#### TASK PROMPT:
Beginning with the line that includes "iCloud와 동기화된 아이폰", return every remaining line of the material exactly as it reads, but not the pictures.

#### PROVIDED RECORDS:
● ● ● ● ●
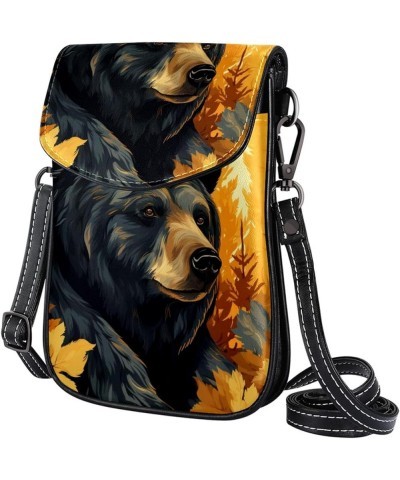 Classic PU Leather Phone Bag - Durable Cell Phone Wallet, Convenient Crossbody Purse Bear with Leaves Multicoloured9 $10.66 C...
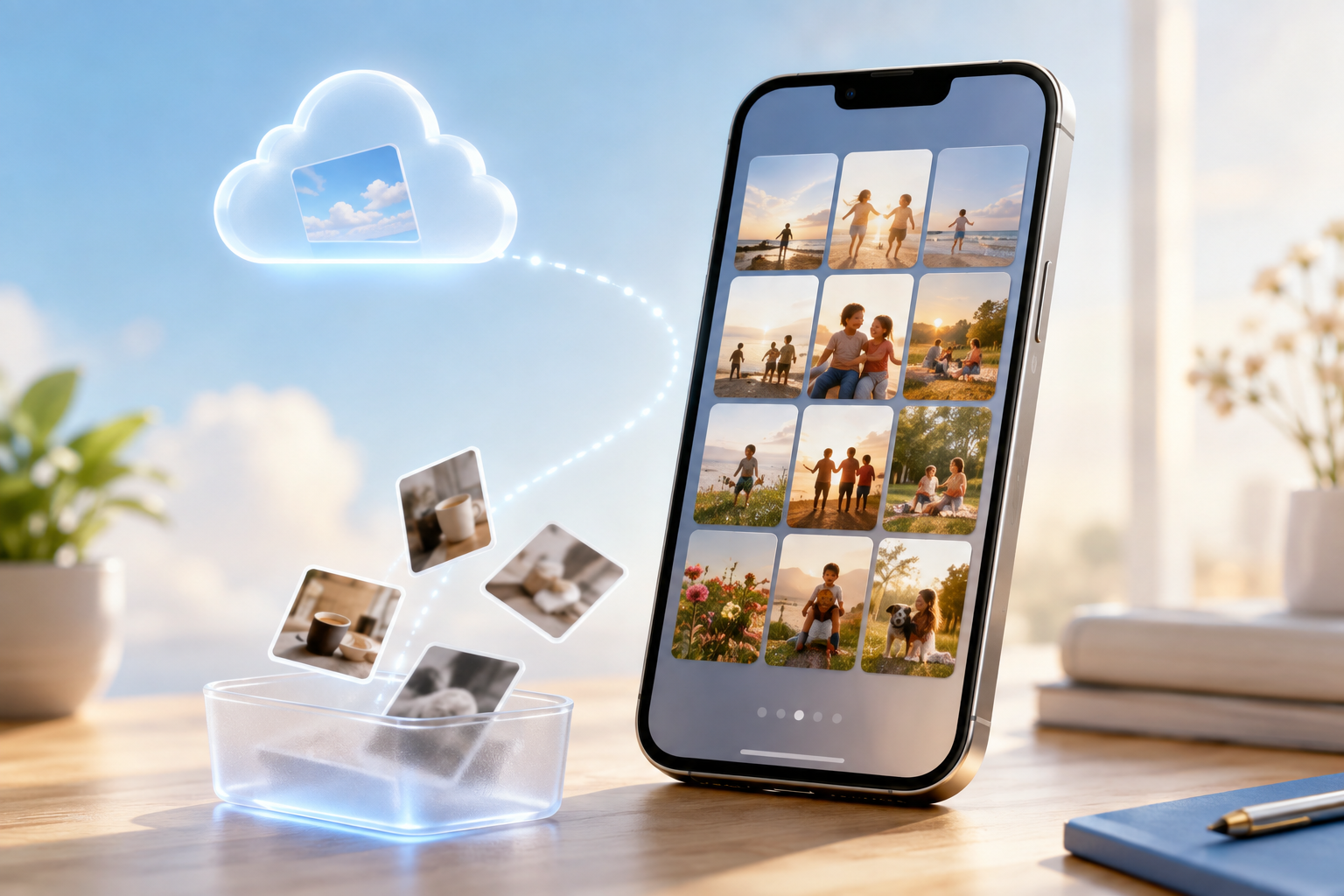 iCloud와 동기화된 아이폰 사진을 삭제하기 전에 저장 공간과 사진 보관 상태를 확인하는 모습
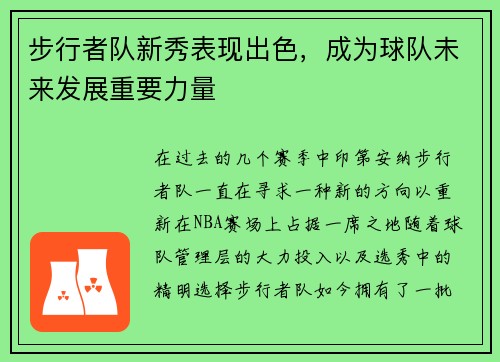 步行者队新秀表现出色，成为球队未来发展重要力量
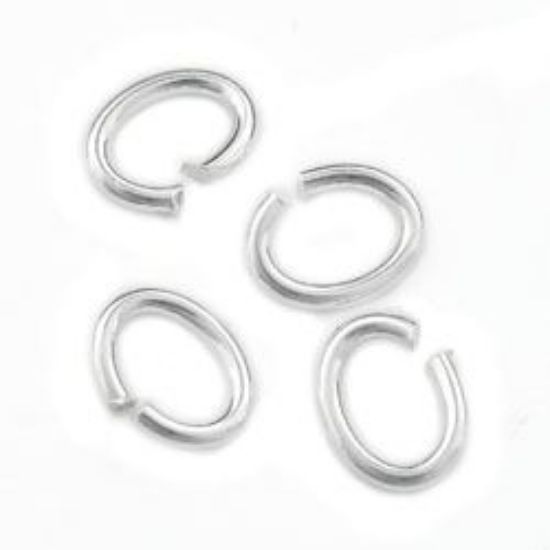 Picture of Sterling Silver Oval Jump Ring, Outer Diameter 4x5mm, 0.032"/20 Gauge, Sold per pkg of 10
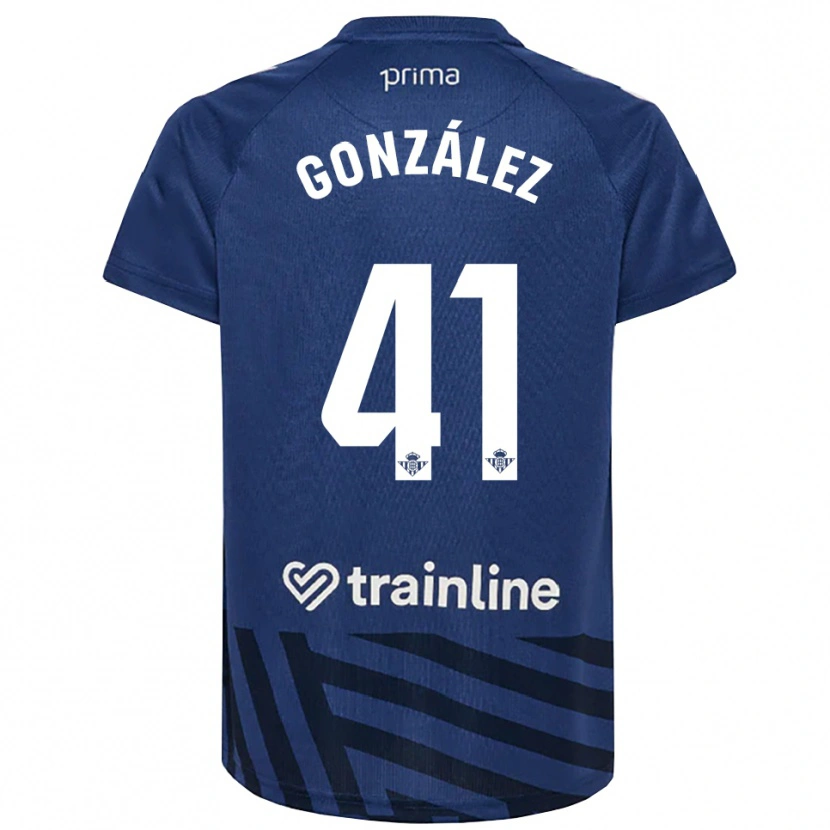 Danxen Niño Camiseta Manu González #41 Azul Real Blanco Portero Equipación 2025/26 La Camisa México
● ● ● ● ●
#### ANSWER FOR THE TASK:
 iCloud와 동기화된 아이폰 사진을 삭제하기 전에 저장 공간과 사진 보관 상태를 확인하는 모습
 步行者队新秀表现出色，成为球队未来发展重要力量
 Picture of Sterling Silver Oval Jump Ring, Outer Diameter 4x5mm, 0.032"/20 Gauge, Sold per pkg of 10
 Danxen Niño Camiseta Manu González #41 Azul Real Blanco Portero Equipación 2025/26 La Camisa México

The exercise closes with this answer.